[[ Source material open ]]

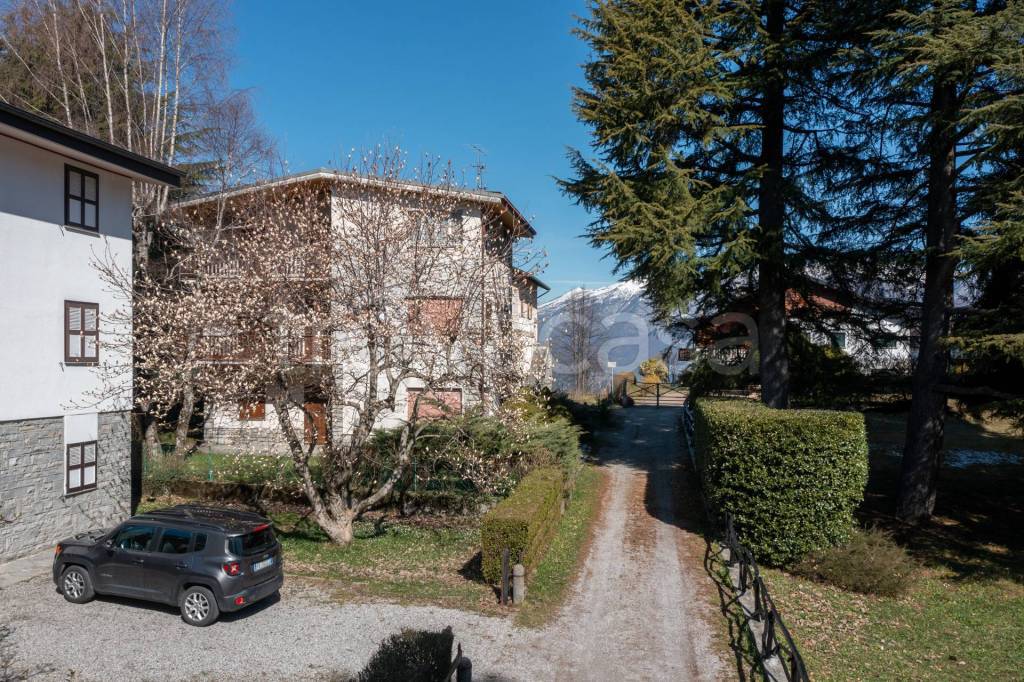 Villa Bifamiliare in vendita a Cremeno via 4 Novembre
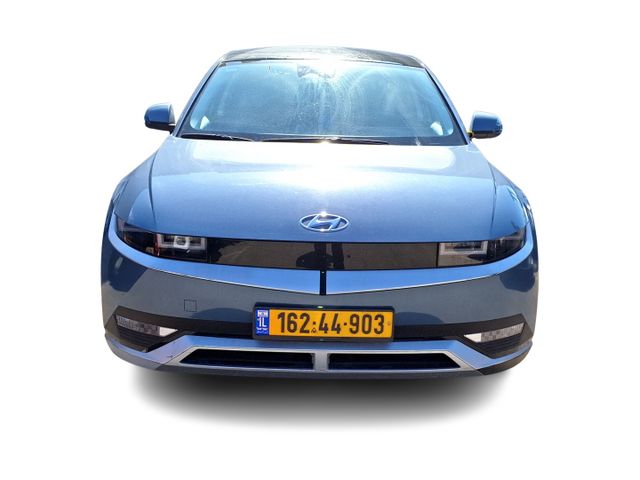 יונדאי איוניק 5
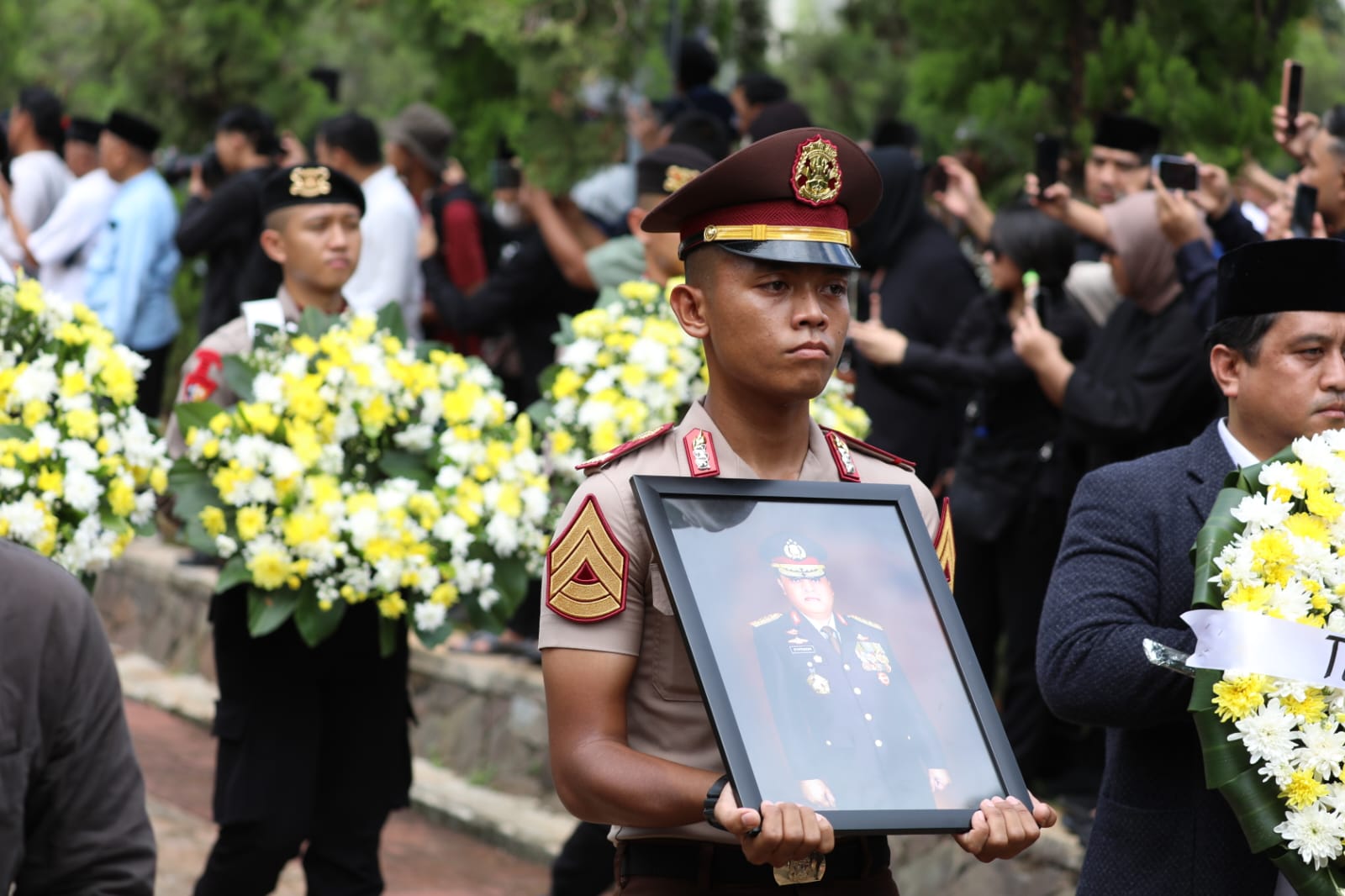 20250222 Prosesi Pemakaman Menteri PANRB Periode 2018 2019 Syafruddin25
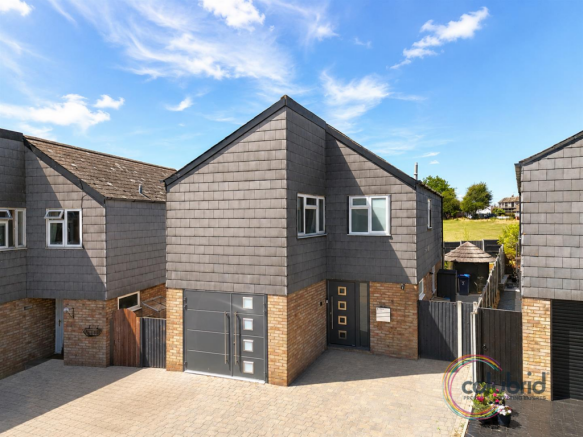 3 bed property, in Sheldon Close, £475,000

[[ Source material closed ]]

Task requirements: Without the pictures, write out all of the material exactly.

Task solution:
 Villa Bifamiliare in vendita a Cremeno via 4 Novembre
 יונדאי איוניק 5
 20250222 Prosesi Pemakaman Menteri PANRB Periode 2018 2019 Syafruddin25
 3 bed property, in Sheldon Close, £475,000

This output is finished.